According to Britannica, the first ever McDonald’s drive-in restaurant was opened in San Bernardino, California in 1940 by Maurice McDonald and Richard McDonald, who were brothers. Then, in 1948 they changed the idea of the restaurant to have the purpose of selling lots of food for cheap.

They later made 10 more restaurants because of the success they had. They also created a system that they called the Speedee Service System, which had an area for self service.

In 1961, a milkshake mixing machine distributor, Ray Kroc, decided to buy out the McDonalds because he saw that the idea for the restaurant was good and could be improved on.

Ray Kroc began standardizing McDonald’s restaurants so that they could be run the same way.

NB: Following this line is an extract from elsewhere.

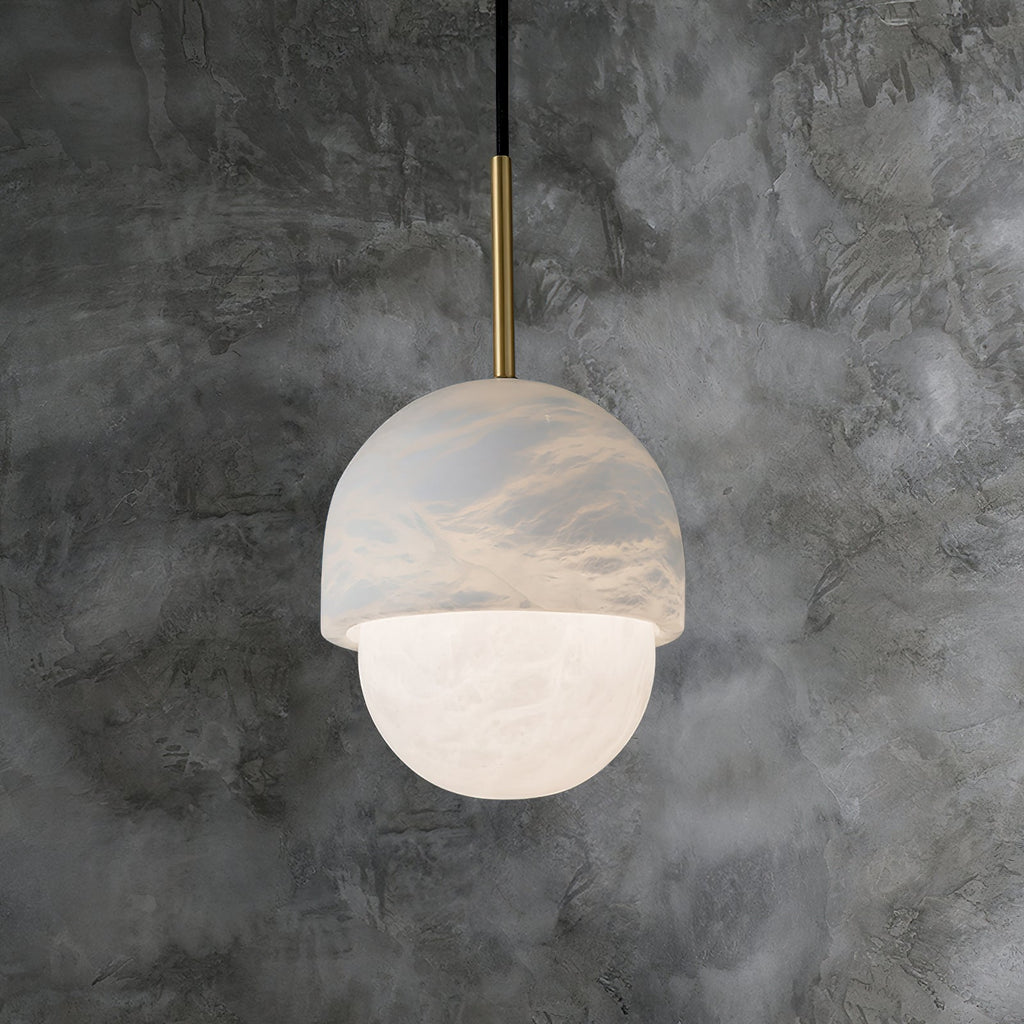 Clérachic Mini Alabaster Globe Pendant hung against mottled grey concrete, warm light spilling from the lower globe.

The McDonald’s company had many changes over the next few years.

The McDonald’s mascot that we know and love today, Ronald McDonald was introduced in 1963. Ronald McDonald was a clown, which was a slightly controversial decision because of people being scared of clowns and this being marketed to kids.

In 1968, the iconic Big Mac was added to the menu all over the world. The Big Mac later became McDonald’s second highest selling choice on the menu, only behind french fries.

McDonald’s introduced the drive-through window to their restaurants starting in a McDonald’s in Arizona in 1975, which was a great success for the company and would become a staple of McDonald’s restaurants in the US and Canada.

McDonald’s was growing so fast in the 1990s that it quickly became the most popular family restaurant because of how cheap the food was and the fun environment for people of all ages.

McDonald’s did face some challenges and criticism. Many people associated McDonald’s with the increase in obesity around the world. McDonald’s tried to counteract this by creating vegan burgers called McVegan and McPlant.

After all of this, McDonald’s is still expand to this day and isn’t showing any sign of stopping soon.